Manchester vs Santiago

My own pictures of Manchester’s Warehouse Project (up-left) and a view on the city of Santiago du Chile (bottom-right).

When you travel during a certain amount of time, you always end up asking yourself what’s the link between all this. You start making assumptions and having opinions on everything, even if you see the reality of the places you’ve been through a prism. A shoddy prism, and many times discourteous to local cultures that’s for sure. But It only depends on you to try having a less-false and less-fantasized vision on things. It won’t ever be perfect, and sometimes fantasizing things can be great to make things look better – in that sense it only matters that we are satisfied by seeing colourful stories in our minds. Nonetheless, trying it hard to approach things with a less exotic sight can also be satisfying and rewarding in many senses.

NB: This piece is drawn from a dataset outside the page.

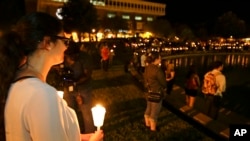 Students and supporters take part in a candlelight vigil at the University of Central Florida, Sept. 3, 2014, in Orlando, Florida, to honor Steven Sotloff, an American journalist beheaded by Islamic State militants.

It’s a jolly speech but don’t worry, I have a hard time to apply these things to myself – we all have. Now that it is said, let’s try to link two very different cities to see how they constructed their youth, their relationship to drugs and countercultures and how it shaped the way they live. Santiago and Manchester – let’s say the gran gran Manchester, including Sheffield and Leeds – are two interesting areas because their current situation has been built from a similar temporal structure. Both cities had a shifting point in the early eighties, when their youth were reborn with a protesting spirit. It’s where our story begin.

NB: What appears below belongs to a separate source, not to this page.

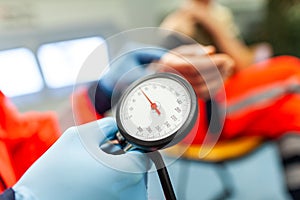 Paramedic checks the blood pressure of a patient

A whole generation’s skirmish

The soundtrack of this period is constituted by La Voz De Los 80’s from LOS PRISONIEROS in our Chilean side and Kino from CABARET VOLTAIRE in our British side. Both represent their years, both represent the struggle against the powers in place. When CABARET VOLTAIRE says ‘Everything. Devoured. I learn to hold my, will power.’ in James Brown, it can refers to the rude liberal shift with Thatcher arriving to office. Sheffield – and Manchester – were the two main industrial hearts of the UK. Both were ravaged, though Manchester embraced the need for renewal quicker than Sheffield. It’s from these places and from this time that ones of the most influential industrial and punk musical movements were born.

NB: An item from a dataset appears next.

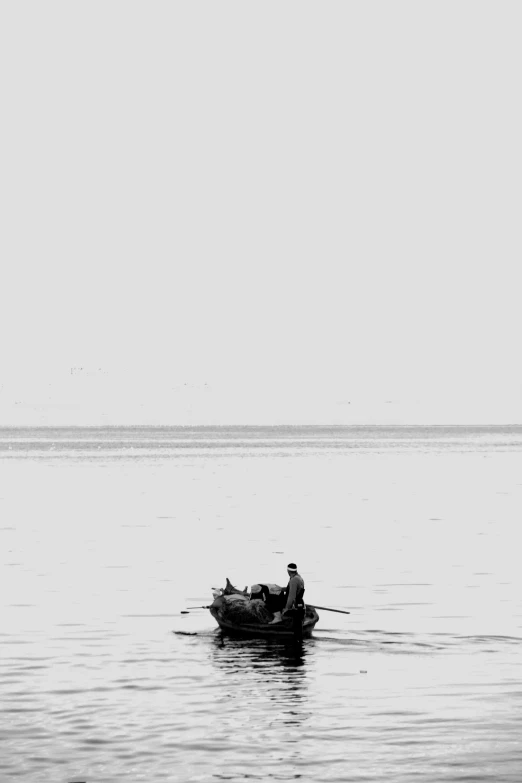 a man rows a small boat across the water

And It’s something you still sense when you go to Sheffield. I had the chance to meet LO SHEA, the current main electronic curator of the city. He told me how important was Cabaret Voltaire for this generation:

‘All this industrial sound was started by them, and it reflected the geography and the landscapes of the culture here. That bleak harshness and the steel works, you can find it in their music.’

On its side, Manchester went deep into the Madchester phenomena, the bright years of Factory Records and the famous Hacienda. Counter-culture in its most perfect representation.

Chile on its side was in the middle of the Pinochet years. The early 80’s saw popular bands taking over the voice for contestation. LOS PRISONIEROS, one of the Chilean rock legend, was one of them. They’re a very interesting figure, as frontleader Jorge Gonzalez will also be one of the first person to bring electronic music to Chilean pop music later on. His Cumbia Triste inspired the current electronic generation of Santiago. In general, the politics of Chile has always been influenced by its musical movements. As far back as fifty years ago, songwriters like Victor Jara were ambassadors for the leftish revolution of Allende, just before Pinochet. In this sense, both England and Chile are two places that work in a same way when it comes to relating music and politics. And within that, Manchester was a musical place for contest as much as Santiago was, in a slightly different context.

Singular ways of living music

Jumping up until now, it’s interesting to see how it’s related with how each youth behave nowadays. Let’s face it: the mancunian youth is the one of Europe most degenerate one, having the highest rate of mothers before twenty, the highest drug consumption rate, and they’re also heavy when it comes to bringe drinking. I’ve seen it by myself, with parties in warehouses like Leeds Canal Mills with as much as 2/3rd of the 2000 people capacity clearly on MDMA. And if you want over proofs than physical impressions, you can also read the 2015 European Drug Report made by the European Monitoring Centre for Drugs and Drug Addiction. It pretty much says the same thing.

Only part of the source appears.